Die Stockholmer Internationale war schon ein bemerkenswertes Ereignis deshalb, weil doch ein Deutscher diese Arbeitsgemeinschaft geleitet hat. Dazu gehört haben Polen, Tschechen, Norweger, Dänen, Österreicher, Franzosen, Amerikaner. Alles was so ein bisschen sozialistisch eingestellt war. Der Brandt hat das sehr gut gemacht. Das war ja klar, die Emigranten haben nichts zu tun, die haben Zeit zu diskutieren. Da sind wir jede Woche zusammengekommen und haben bis tief in die Nacht hinein diskutiert, und der Brandt hat dann jedes Jahr ein kleines Buch auf Schwedisch erscheinen lassen, bei einem guten Verlag, bei Bonniers. Das letzte Buch hat geheißen: "Politik nach dem Frieden", das war schon ein gutes, sozialistisches Programm, mit dem man den Deutschen einen guten Platz eingeräumt hat. Alle diese Revancheideen und diese Vernichtungsvorstellungen, die hat er damals schon bekämpft. Es war erstaunlich, dass die Tschechen und die Polen da mitgetan haben. Am Anfang waren sie nicht sehr begeistert, das ist dem Geschick von Willy Brandt zu verdanken gewesen, dass er die alle an einem Tisch gehalten hat. Das war eigentlich die faszinierendste Tätigkeit. Es war eine sehr theoretische Diskussion, die natürlich für uns Sozialdemokraten ungeheuer bedeutungsvoll war. Das hat uns ideologisch sehr geholfen, mit den Problemen, die sich da gestellt haben, fertig zu werden. Wenn Sie mehr lesen wollen, der Willy Brandt schreibt in seinen letzten Erinnerungen über meine Aktivitäten. Da gibt es ein eigenes Kapitel, wo er sich ein bisschen, sagen wir, nicht ganz so freundlich über mich äußert, wie das unserer Freundschaft entsprechen würde. Aber mit Recht, denn irgendwie war er doch ein bisserl beleidigt, dass ich so eine österreichische Haltung eingenommen habe und nicht die von Otto Bauer. Er ist ein großer Bewunderer Otto Bauers gewesen, auch mit Recht, aber er hat in dem Kapitel mir ein bisschen den Vorwurf gemacht, dass ich nicht ein konsequenter Sozialist gewesen bin, ich hätte sonst diese Anschlussidee nicht aufgeben sollen. So habe ich es rausgespürt, ich bin ihm nicht böse, ich bin mehr als je überzeugt davon, dass es richtig war.
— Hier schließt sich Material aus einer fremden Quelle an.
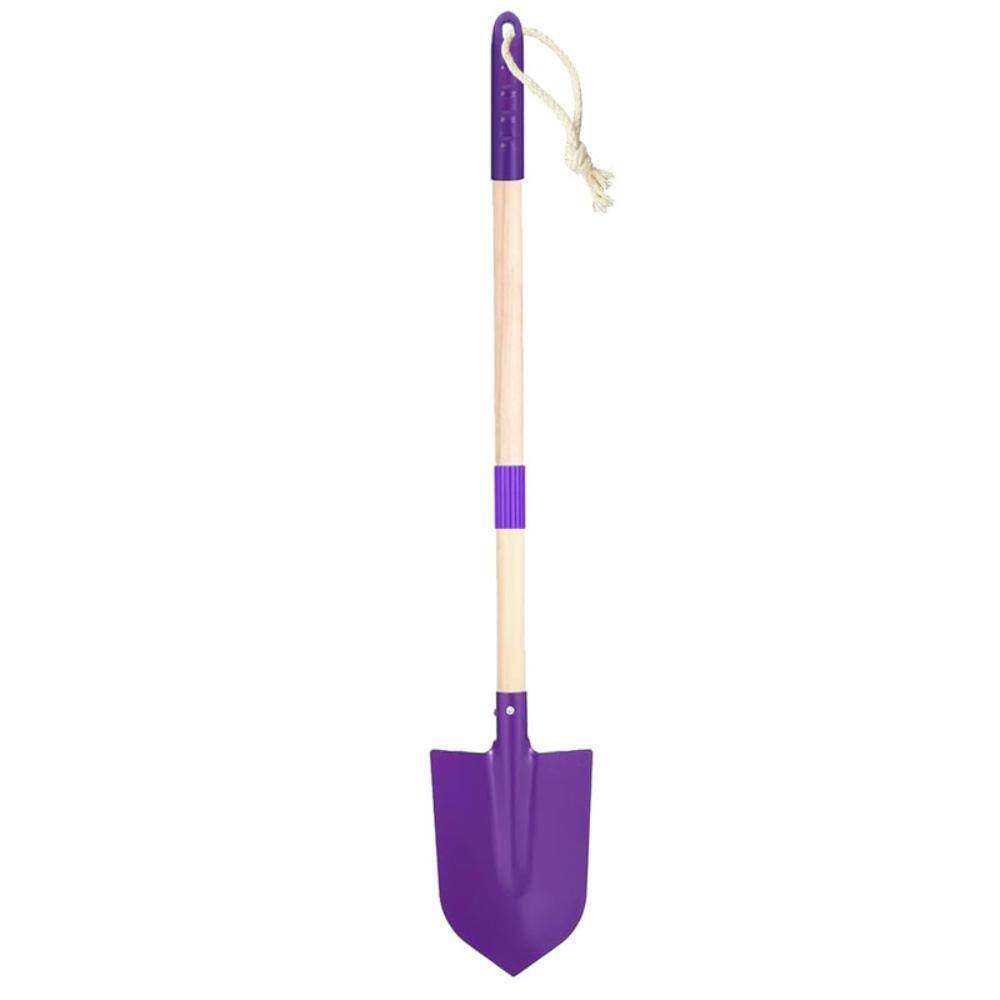 Small Garden Shovel for Kids with Purple Iron Head and Twenty Seven Inch Detachable Wood Handle One Pack price history on PriceWatchPro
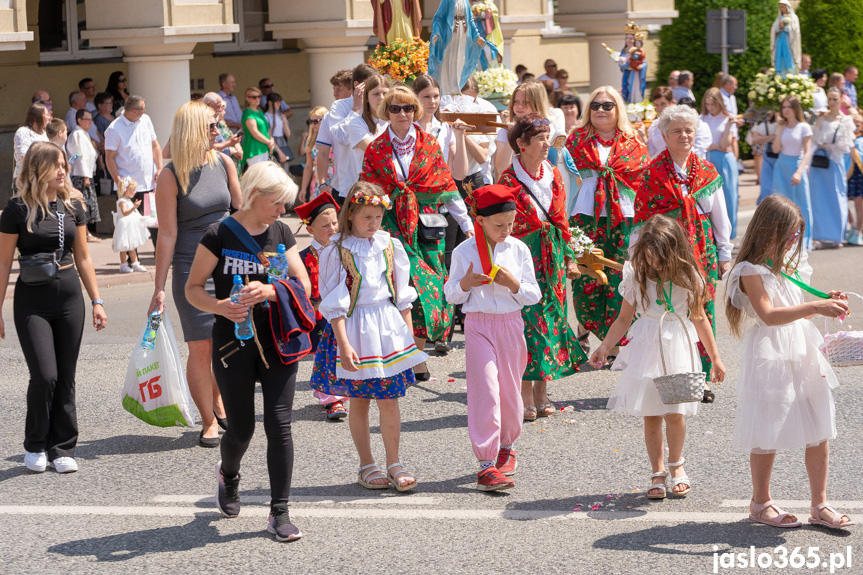 Procesja Bożego Ciała w Jaśle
Hat das sonst auch eine Rolle gespielt im Kontakt mit deutschen Emigranten?
Ja, die Deutschen haben mich natürlich für einen unerfreulichen Zeitgenossen gehalten. Wenn sie auch nicht überzeugt waren, dass der "Anschluss" politische Realität bleibt, so waren sie überzeugt, dass es politisch richtig ist. [...]
Nach dem Krieg sind die meisten der jüdischen Emigranten in Schweden geblieben, sofern sie nicht nach Amerika zu Verwandten oder nach Israel gegangen sind. Von den Militärflüchtlingen sind diejenigen geblieben, die verheiratet waren. Interessanterweise diejenigen, die zurückgekehrt sind, haben nachher in Österreich ein gar nicht leichtes Leben gehabt. Weil man sie in den kleinen Tiroler Dörfern als Deserteure betrachtet hat. Man hat sich dann natürlich immer wieder bei Versammlungen getroffen. Die haben sich oft beklagt, dass man kein Verständnis für sie hat. Am bemerkenswertesten war ein Geistlicher, der sich sehr nach links entwickelt hat, der hat Egger geheißen. Pfarrer Egger hat kein angenehmes Leben in Salzburg gehabt. Der war so ein bisserl extravagant, hat stark zu unserer Partei hintendiert. Aber er war ein sehr positiver Mann.